It is no breaking news, all travelers on a Working Holiday Visa (WHV) to Australia have come across, at least once in their trip, the infamous "eighty-eight days" story. This story doesn't tell, as it may sound, about the glorious deeds of eighty-eight brave men that all alone subverted power during the revolution, but rather a much bigger pain and, perhaps, backpackers' worst nightmare ever. Yes, indeed, eighty-eight is the number of days one has to work, strictly in a regional area in the middle of nowhere, to be guaranteed a further extension of their WHV, therefore having the chance to live another year in paradise.
That doesn't sound too bad I guess, and indeed it is not the end of the world.
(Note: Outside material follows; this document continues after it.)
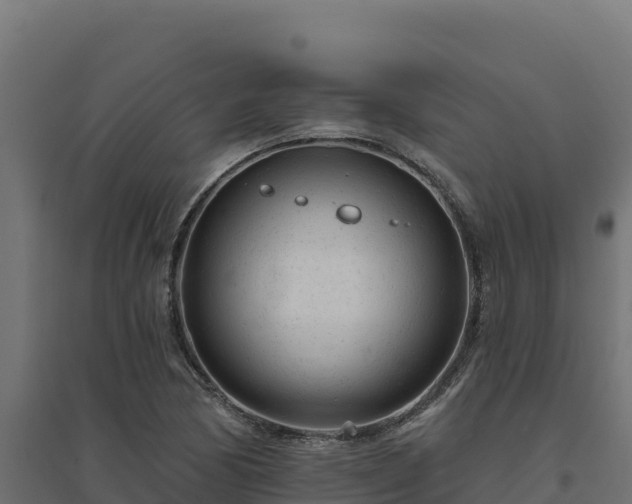 X0000094771170200711241310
If you go on a road trip for a whole year, chances are you will have to work at some point, so why not fill two needs with one deed and get your farm work done and get paid for it. But there are a few things around this matter that discourage most backpackers and, sometimes, keep them from getting a second-year extension.
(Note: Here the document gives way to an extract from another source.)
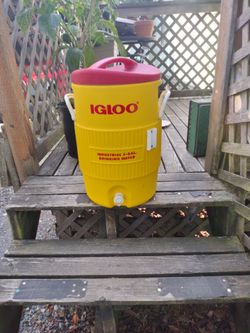 Igloo drinker cooler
First and foremost the location- as mentioned above, farm work is to be done in a regional area, sometimes hours away from the closest populated town and that's a bummer. This is, by far, the best move Australian Government could ever think of to liven up all these little villages that, otherwise, might have become extinct. Those who are not familiar with the Australian territory and the outback may be surprised by the desolation of these towns and cultural backwardness. In most cases, we are looking at small villages with just few-hundreds people and basic services, usually the classic old tavern with beat-up pool table and non-working jukebox or the local second-rate food market that showcases all the essential. The land is red and dry and the people, fascinating and old-fashioned species, look sideways at these disoriented stranger figures (so-called backpackers) who stroll around their timeless lives. On the plus side, here, life is simple, laid-back, and natural and words such as capitalism or materialism, sadly dominant in our society, shall never scratch the village's collective imaginary.
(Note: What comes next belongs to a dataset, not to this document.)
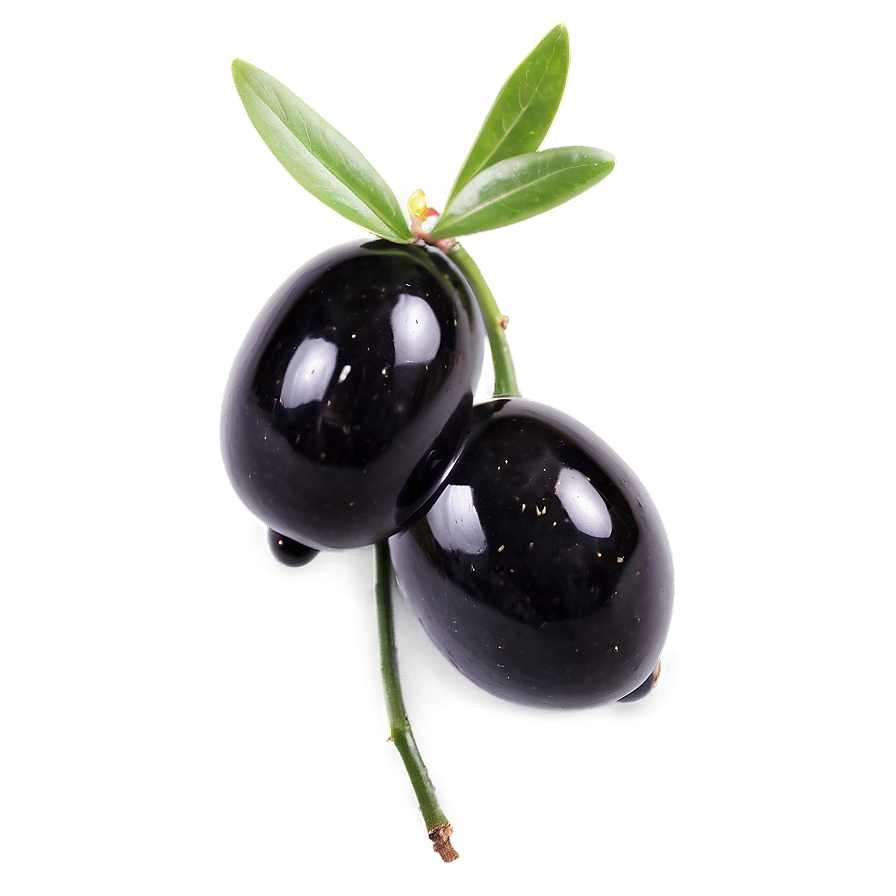 Fresh Black Olives Png Evu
Truth be told, finding an area for farm work is pretty much like playing Russian roulette, the case will decide for you in most cases, and you have one choice but to agree with it. Now, although Australia is packed with regional areas, not all of them can guarantee a vacancy given their small capacity, which makes the job search even harder, therefore many travelers will have to settle for the hand they're dealt at some point. Few lucky ones will have the privilege of sharing the benefits of living in small coastal towns surrounded by lively hostels, fresh sea air, intimate parties, and delightful beach life. On the other hand, those to whom fate failed to qualify for the same treatment will have to bear with dust and deafening silence, set to accompany their long and lonely days in inland regions. In this case, nobody should ever give in to despair as time is the most precious thing a man can possess, hence it might come in handy for other important things like planning a future trip, saving a little money or finding the path to inner peace.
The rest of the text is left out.